Take a look at Sampling interval in the docs :

In distributed tracing the data volumes can be very high so sampling can be important (you usually don’t need to export all spans to get a good picture of what is happening). Spring Cloud Sleuth has a Sampler strategy that you can implement to take control of the sampling algorithm. Samplers do not stop span (correlation) ids from being generated, but they do prevent the tags and events being attached and exported. By default you get a strategy that continues to trace if a span is already active, but new ones are always marked as non-exportable.
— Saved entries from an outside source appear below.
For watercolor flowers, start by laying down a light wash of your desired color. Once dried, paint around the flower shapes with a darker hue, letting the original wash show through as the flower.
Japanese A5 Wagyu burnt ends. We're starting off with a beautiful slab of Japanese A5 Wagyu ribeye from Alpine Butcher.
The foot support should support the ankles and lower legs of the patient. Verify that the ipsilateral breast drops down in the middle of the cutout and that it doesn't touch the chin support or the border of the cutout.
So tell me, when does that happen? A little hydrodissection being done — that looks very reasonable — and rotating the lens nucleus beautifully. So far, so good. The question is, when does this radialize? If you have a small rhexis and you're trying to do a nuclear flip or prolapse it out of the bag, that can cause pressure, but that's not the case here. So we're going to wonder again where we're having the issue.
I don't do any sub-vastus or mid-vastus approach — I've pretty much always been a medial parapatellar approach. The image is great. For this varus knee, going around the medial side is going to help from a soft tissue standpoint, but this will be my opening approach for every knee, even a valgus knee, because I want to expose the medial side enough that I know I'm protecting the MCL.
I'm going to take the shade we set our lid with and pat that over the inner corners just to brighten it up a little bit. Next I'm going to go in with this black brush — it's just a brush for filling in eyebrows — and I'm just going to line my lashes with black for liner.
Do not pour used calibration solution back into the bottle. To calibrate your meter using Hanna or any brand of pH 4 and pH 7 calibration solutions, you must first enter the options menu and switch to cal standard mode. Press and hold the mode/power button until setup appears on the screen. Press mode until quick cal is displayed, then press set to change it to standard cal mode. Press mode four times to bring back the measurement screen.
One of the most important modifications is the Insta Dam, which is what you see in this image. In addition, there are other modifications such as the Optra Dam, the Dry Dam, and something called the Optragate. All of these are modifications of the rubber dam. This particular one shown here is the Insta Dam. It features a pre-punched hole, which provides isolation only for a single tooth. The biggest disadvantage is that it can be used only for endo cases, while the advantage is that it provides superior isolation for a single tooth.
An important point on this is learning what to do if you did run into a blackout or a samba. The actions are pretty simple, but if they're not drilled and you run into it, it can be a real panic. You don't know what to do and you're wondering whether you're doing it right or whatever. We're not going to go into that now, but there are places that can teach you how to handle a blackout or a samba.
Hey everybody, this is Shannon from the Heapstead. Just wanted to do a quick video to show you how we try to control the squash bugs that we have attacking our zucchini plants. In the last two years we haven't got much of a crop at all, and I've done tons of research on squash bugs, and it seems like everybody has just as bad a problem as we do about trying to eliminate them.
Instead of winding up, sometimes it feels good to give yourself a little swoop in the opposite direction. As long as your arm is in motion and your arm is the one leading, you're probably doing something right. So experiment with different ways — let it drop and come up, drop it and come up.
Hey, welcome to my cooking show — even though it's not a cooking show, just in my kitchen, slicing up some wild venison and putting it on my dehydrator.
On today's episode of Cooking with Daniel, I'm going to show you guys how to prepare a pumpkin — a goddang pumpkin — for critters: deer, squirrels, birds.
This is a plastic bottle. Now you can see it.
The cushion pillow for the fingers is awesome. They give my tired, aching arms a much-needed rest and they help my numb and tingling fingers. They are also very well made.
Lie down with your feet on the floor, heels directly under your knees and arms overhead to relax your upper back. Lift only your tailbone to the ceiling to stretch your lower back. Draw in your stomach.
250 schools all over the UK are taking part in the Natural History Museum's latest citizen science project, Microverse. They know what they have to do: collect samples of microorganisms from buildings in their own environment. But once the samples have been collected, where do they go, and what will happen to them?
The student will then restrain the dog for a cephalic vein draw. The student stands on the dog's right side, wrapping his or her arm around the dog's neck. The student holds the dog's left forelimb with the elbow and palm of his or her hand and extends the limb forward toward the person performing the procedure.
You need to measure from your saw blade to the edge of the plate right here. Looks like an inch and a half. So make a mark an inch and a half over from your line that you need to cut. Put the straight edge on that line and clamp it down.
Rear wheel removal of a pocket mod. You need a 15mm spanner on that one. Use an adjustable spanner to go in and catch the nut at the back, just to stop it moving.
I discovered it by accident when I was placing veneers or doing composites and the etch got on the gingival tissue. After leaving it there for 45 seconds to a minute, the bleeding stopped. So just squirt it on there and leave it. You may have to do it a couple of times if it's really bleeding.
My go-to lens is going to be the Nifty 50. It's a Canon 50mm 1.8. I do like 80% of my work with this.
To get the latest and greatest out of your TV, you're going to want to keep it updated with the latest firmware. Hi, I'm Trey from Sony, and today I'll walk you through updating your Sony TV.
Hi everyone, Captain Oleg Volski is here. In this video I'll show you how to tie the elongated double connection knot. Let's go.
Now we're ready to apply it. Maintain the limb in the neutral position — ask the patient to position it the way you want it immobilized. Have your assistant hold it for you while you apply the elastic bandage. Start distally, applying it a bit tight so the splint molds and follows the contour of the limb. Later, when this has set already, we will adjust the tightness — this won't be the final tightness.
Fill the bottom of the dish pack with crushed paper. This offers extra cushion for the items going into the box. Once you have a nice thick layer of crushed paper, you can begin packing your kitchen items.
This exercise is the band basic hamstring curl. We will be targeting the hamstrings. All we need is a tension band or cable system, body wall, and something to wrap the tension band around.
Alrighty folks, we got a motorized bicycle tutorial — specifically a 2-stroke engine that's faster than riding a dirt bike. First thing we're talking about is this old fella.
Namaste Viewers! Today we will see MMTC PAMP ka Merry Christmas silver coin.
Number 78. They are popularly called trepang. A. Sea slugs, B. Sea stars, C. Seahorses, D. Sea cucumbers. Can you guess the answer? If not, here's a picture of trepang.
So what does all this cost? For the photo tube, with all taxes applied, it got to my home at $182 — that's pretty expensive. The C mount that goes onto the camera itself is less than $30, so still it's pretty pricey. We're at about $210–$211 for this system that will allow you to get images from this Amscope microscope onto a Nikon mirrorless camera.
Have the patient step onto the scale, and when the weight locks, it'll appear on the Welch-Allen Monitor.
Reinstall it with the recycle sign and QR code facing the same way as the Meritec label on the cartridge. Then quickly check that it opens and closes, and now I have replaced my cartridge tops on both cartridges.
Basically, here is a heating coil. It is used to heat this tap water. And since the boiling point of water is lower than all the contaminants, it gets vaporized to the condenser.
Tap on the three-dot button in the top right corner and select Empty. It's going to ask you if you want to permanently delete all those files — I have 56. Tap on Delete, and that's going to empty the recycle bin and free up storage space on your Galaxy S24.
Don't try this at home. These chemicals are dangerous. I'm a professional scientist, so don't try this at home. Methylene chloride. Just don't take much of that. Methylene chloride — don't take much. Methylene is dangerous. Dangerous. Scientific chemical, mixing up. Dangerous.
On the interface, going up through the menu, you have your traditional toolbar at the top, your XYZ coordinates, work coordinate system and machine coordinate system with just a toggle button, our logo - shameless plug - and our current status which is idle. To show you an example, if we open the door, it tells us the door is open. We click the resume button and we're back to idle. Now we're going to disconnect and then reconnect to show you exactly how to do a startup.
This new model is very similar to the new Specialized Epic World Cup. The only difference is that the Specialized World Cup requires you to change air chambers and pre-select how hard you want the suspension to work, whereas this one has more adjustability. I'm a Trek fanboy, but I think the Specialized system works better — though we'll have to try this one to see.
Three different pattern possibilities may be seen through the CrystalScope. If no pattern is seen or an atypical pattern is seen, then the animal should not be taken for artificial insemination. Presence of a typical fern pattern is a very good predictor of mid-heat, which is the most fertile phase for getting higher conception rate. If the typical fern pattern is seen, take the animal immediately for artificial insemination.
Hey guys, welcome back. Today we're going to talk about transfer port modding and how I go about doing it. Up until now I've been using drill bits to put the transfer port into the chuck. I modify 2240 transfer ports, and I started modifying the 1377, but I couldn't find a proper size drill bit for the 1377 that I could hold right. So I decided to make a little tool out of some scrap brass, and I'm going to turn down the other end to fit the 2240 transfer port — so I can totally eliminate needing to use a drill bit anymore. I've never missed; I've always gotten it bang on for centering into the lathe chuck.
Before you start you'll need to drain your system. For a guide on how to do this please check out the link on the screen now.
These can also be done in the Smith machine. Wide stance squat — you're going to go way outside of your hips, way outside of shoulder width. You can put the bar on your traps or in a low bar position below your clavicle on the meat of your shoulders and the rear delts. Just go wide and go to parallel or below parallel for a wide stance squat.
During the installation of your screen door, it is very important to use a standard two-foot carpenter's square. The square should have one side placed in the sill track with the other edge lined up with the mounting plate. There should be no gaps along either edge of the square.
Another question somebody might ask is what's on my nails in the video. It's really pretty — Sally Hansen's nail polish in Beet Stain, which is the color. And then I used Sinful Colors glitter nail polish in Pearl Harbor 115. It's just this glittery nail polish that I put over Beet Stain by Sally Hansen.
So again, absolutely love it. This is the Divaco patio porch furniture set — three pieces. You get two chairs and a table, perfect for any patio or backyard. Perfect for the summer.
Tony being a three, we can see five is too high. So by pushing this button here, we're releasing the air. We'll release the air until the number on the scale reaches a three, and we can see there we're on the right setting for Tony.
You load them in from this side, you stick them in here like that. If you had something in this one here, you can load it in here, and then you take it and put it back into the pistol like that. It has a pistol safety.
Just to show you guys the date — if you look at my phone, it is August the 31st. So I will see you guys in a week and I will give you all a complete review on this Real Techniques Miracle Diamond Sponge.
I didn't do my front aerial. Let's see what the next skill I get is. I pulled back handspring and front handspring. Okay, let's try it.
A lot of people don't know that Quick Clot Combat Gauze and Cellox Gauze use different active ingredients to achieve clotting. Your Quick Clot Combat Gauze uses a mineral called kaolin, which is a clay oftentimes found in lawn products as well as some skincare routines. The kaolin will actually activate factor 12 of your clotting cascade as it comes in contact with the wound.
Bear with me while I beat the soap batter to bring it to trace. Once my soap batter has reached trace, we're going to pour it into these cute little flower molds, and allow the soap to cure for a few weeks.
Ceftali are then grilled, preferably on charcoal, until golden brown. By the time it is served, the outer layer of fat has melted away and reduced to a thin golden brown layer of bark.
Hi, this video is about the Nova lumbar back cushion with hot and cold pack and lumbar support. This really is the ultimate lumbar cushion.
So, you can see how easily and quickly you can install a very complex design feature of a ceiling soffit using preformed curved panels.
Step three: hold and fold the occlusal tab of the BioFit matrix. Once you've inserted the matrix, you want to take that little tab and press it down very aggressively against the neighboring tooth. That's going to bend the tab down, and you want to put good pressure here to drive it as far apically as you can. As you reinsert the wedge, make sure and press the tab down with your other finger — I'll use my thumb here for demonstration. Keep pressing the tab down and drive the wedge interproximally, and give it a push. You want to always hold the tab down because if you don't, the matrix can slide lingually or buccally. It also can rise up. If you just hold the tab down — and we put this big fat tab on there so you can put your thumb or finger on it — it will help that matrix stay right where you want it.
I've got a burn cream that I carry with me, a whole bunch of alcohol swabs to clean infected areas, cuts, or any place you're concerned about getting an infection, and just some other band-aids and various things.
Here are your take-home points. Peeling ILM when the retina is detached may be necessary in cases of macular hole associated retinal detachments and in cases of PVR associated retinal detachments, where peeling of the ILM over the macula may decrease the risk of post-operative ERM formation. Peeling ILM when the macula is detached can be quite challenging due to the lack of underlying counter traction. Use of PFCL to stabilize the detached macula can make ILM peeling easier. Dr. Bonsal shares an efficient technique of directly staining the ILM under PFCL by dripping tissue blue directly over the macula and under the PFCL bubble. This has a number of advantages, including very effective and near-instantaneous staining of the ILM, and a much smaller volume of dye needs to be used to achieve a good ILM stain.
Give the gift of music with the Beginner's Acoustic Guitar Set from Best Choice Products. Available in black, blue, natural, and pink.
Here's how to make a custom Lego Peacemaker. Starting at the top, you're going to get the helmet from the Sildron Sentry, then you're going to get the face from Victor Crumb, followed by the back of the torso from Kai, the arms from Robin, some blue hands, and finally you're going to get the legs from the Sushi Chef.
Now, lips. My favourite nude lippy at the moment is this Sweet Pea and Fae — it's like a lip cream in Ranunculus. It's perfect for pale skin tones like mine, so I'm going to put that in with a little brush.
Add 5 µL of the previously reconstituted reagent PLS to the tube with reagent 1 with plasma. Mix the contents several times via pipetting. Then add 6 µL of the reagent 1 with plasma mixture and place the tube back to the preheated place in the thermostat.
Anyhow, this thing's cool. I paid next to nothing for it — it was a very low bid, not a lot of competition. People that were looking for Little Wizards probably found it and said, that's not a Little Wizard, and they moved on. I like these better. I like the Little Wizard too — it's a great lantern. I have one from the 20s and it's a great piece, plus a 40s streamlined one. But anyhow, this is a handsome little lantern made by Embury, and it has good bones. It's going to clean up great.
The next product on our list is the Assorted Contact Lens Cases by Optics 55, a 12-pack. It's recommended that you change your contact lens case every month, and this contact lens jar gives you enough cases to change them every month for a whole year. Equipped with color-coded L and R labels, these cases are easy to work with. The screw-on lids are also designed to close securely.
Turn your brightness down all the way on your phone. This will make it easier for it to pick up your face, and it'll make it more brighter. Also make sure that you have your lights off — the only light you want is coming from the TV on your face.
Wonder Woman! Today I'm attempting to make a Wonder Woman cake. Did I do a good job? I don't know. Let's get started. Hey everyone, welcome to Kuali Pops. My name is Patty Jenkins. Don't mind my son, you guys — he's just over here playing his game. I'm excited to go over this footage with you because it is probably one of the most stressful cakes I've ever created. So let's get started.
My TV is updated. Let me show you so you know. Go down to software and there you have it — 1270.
If all your apps run with this sampler you will see traces in logs, but not in any remote store. For testing the default is often enough, and it probably is all you need if you are only using the logs (e.g. with an ELK aggregator). If you are exporting span data to Zipkin or Spring Cloud Stream, there is also an AlwaysSampler that exports everything and a PercentageBasedSampler that samples a fixed fraction of spans.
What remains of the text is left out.